> **Goal of the exercise**:
Return only the stretch of the material below that begins with the line containing "com o Século" and ends with the line containing "Qualquer grupo ou", exactly; both of those lines belong to it.

> **Records supplied**:
+ + +
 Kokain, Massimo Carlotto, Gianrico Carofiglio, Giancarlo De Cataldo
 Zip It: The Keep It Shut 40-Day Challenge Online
+ + +
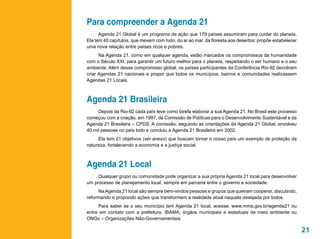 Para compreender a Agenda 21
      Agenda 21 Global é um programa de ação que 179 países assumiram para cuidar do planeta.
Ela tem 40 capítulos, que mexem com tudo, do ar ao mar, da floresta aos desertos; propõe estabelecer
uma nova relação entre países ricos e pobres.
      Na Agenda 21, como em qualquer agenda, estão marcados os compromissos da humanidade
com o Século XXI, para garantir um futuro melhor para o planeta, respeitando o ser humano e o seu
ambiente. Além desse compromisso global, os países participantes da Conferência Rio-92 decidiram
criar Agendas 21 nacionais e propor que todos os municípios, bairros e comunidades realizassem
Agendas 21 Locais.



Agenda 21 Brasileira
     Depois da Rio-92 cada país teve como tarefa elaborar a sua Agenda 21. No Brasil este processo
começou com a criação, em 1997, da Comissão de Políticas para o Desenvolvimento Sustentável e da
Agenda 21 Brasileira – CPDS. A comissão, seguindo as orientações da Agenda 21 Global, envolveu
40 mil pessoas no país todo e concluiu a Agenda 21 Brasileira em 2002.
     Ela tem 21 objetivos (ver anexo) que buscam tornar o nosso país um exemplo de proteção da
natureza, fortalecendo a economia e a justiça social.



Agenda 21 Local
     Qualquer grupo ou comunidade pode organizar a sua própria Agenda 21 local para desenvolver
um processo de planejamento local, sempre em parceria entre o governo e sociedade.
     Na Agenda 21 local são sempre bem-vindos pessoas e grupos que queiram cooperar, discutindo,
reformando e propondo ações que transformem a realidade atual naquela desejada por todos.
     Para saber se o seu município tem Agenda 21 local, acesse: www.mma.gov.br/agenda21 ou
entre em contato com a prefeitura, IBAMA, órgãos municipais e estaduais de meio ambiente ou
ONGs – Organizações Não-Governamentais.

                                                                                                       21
+ + +
> **Exercise solution**:
com o Século XXI, para garantir um futuro melhor para o planeta, respeitando o ser humano e o seu
ambiente. Além desse compromisso global, os países participantes da Conferência Rio-92 decidiram
criar Agendas 21 nacionais e propor que todos os municípios, bairros e comunidades realizassem
Agendas 21 Locais.



Agenda 21 Brasileira
     Depois da Rio-92 cada país teve como tarefa elaborar a sua Agenda 21. No Brasil este processo
começou com a criação, em 1997, da Comissão de Políticas para o Desenvolvimento Sustentável e da
Agenda 21 Brasileira – CPDS. A comissão, seguindo as orientações da Agenda 21 Global, envolveu
40 mil pessoas no país todo e concluiu a Agenda 21 Brasileira em 2002.
     Ela tem 21 objetivos (ver anexo) que buscam tornar o nosso país um exemplo de proteção da
natureza, fortalecendo a economia e a justiça social.



Agenda 21 Local
     Qualquer grupo ou comunidade pode organizar a sua própria Agenda 21 local para desenvolver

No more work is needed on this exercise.